PROBLEM DESCRIPTION
Pictures excluded, copy every record that follows exactly as it appears.

(Caption-style text data)
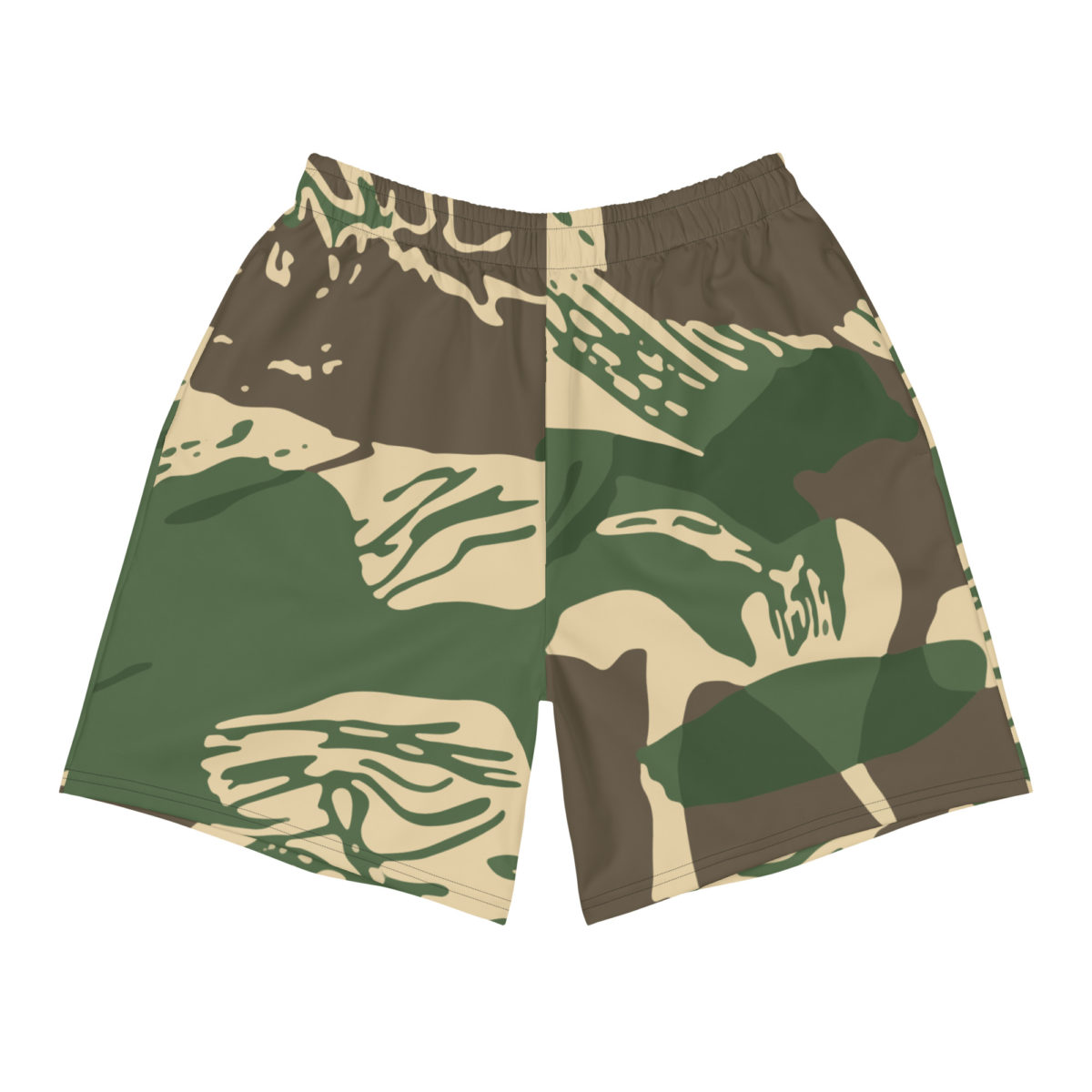Rhodesian Brushstroke Camouflage v4 Men’s Athletic Long Shorts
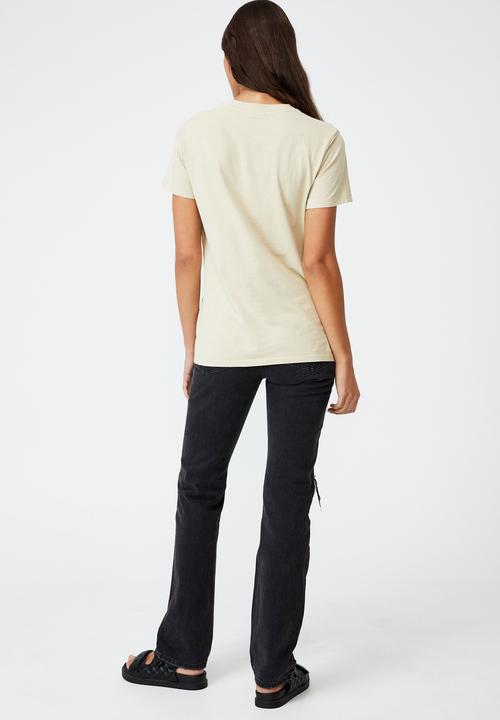 Cotton On - Classic organic cotton lcn graphic tee - lcn pea snoopy cuddle/shell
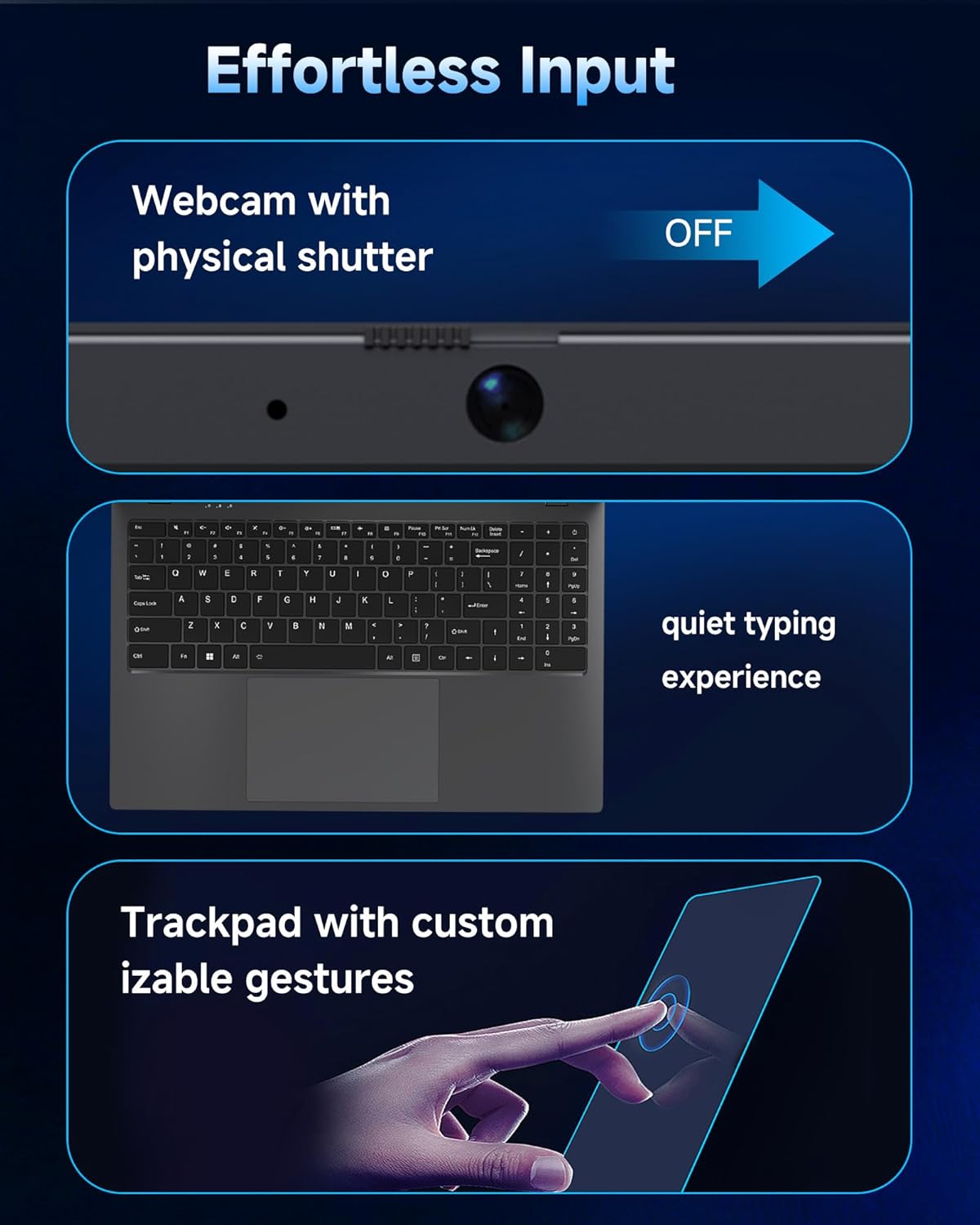 Traditional Laptop Computer - 15.6 inch Win 11 Laptops with 256GB SSD 8GB RAM, Pentium CPU up to 3.4GHz, Long Battery Life, USB 3.2, Type C, TF Card Slot, HDMI, Laptop Good for Business and Student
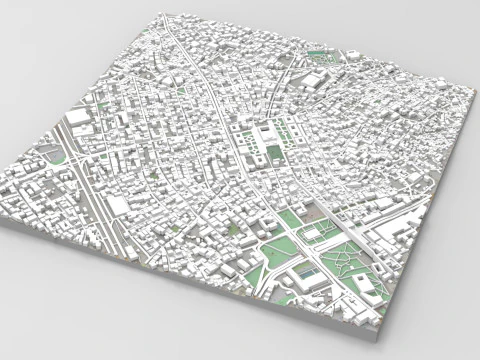सिटीस्केप इस्तांबुल तुर्की 3D मॉडल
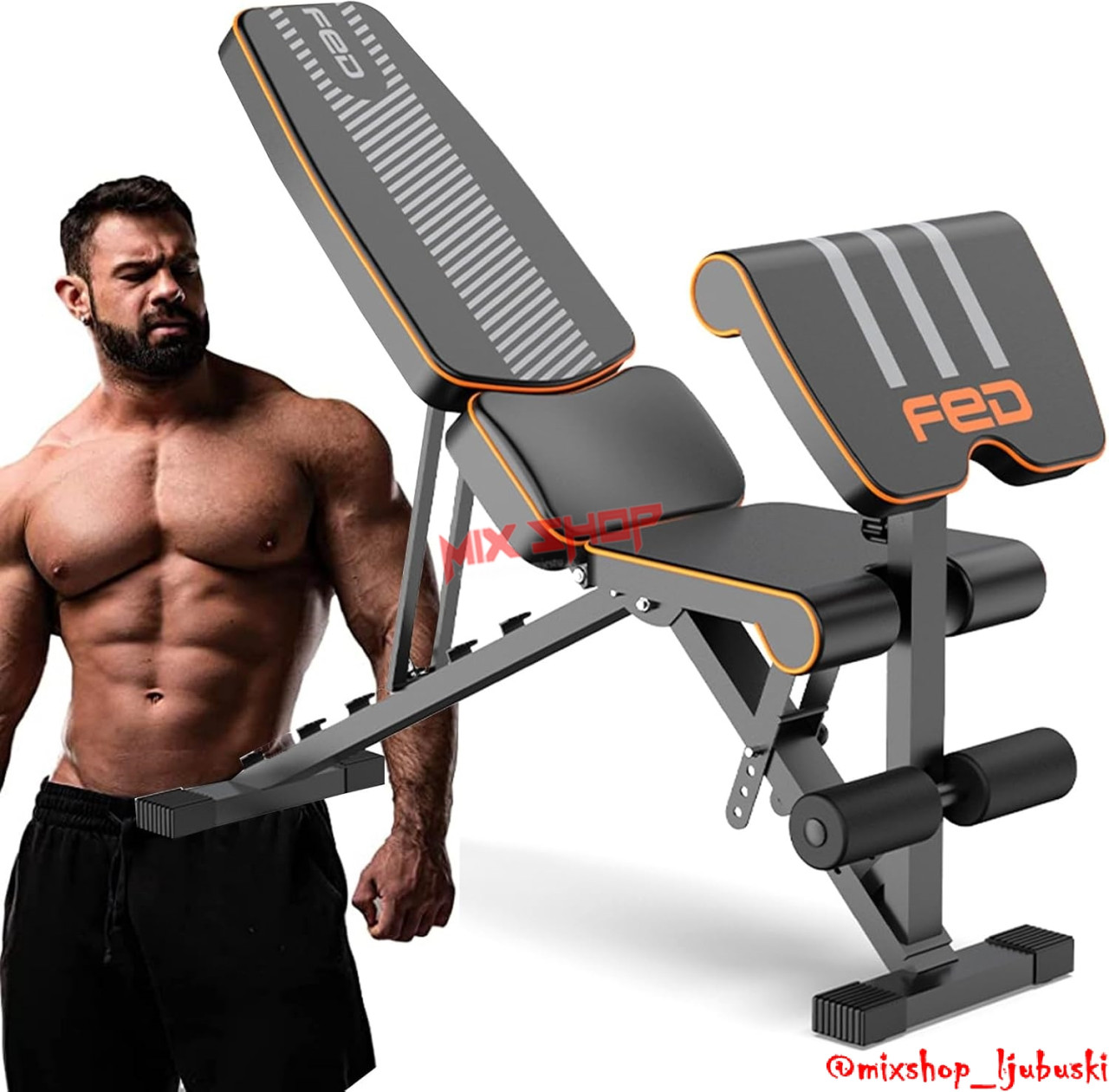 Podesiva Scott Klupa Trening Benč Fitness Sprava Trbuh Klupe Skot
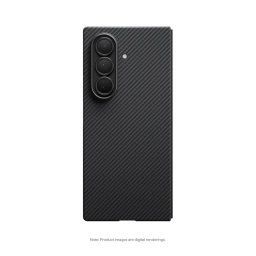Husa Husa Pitaka pentru Samsung Galaxy Z Fold7, MagEZ 7 Pro, 600D, Ultra-Slim, Negru/Gri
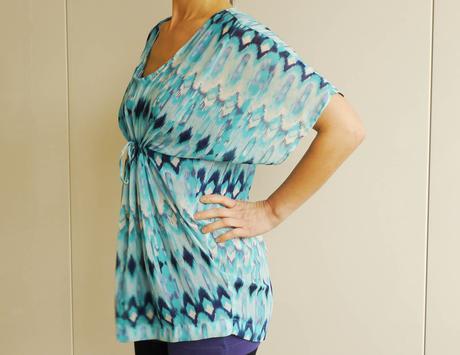 Prusvitna tyrkysova bluza h&m, h&m,xs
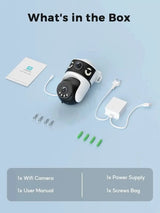 O - KAM 10MP Dual Lens PTZ WiFi Camera - AI Humanoid Detection and Auto Tracking - stepyours.com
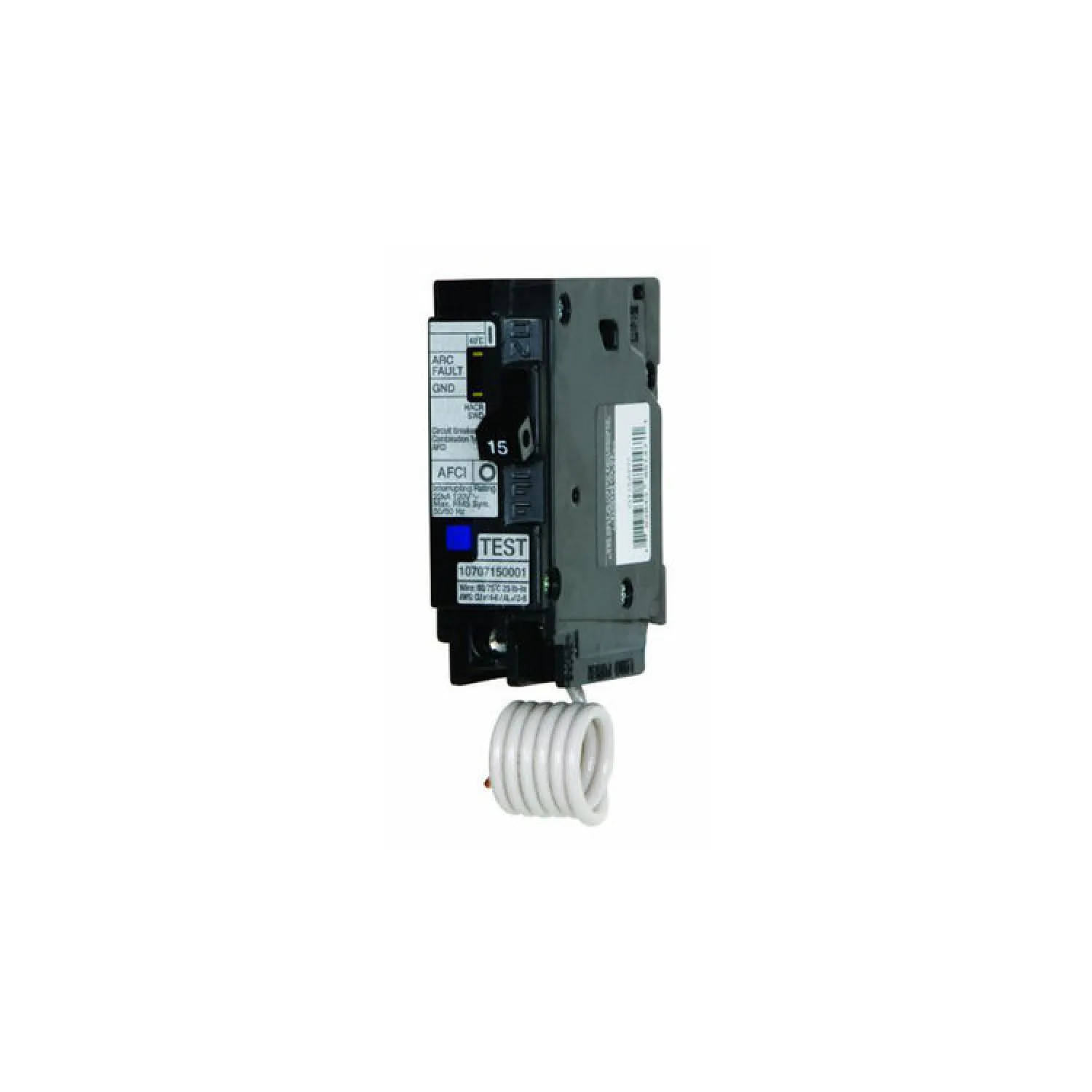Siemens MP115AFC Siemens MP115AFC Arc Fault Circuit Breakers, Plug-In - Single Pole, 15 Amps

TASK ANSWER
Rhodesian Brushstroke Camouflage v4 Men’s Athletic Long Shorts
 Cotton On - Classic organic cotton lcn graphic tee - lcn pea snoopy cuddle/shell
 Traditional Laptop Computer - 15.6 inch Win 11 Laptops with 256GB SSD 8GB RAM, Pentium CPU up to 3.4GHz, Long Battery Life, USB 3.2, Type C, TF Card Slot, HDMI, Laptop Good for Business and Student
सिटीस्केप इस्तांबुल तुर्की 3D मॉडल
 Podesiva Scott Klupa Trening Benč Fitness Sprava Trbuh Klupe Skot
Husa Husa Pitaka pentru Samsung Galaxy Z Fold7, MagEZ 7 Pro, 600D, Ultra-Slim, Negru/Gri
 Prusvitna tyrkysova bluza h&m, h&m,xs
 O - KAM 10MP Dual Lens PTZ WiFi Camera - AI Humanoid Detection and Auto Tracking - stepyours.com
Siemens MP115AFC Siemens MP115AFC Arc Fault Circuit Breakers, Plug-In - Single Pole, 15 Amps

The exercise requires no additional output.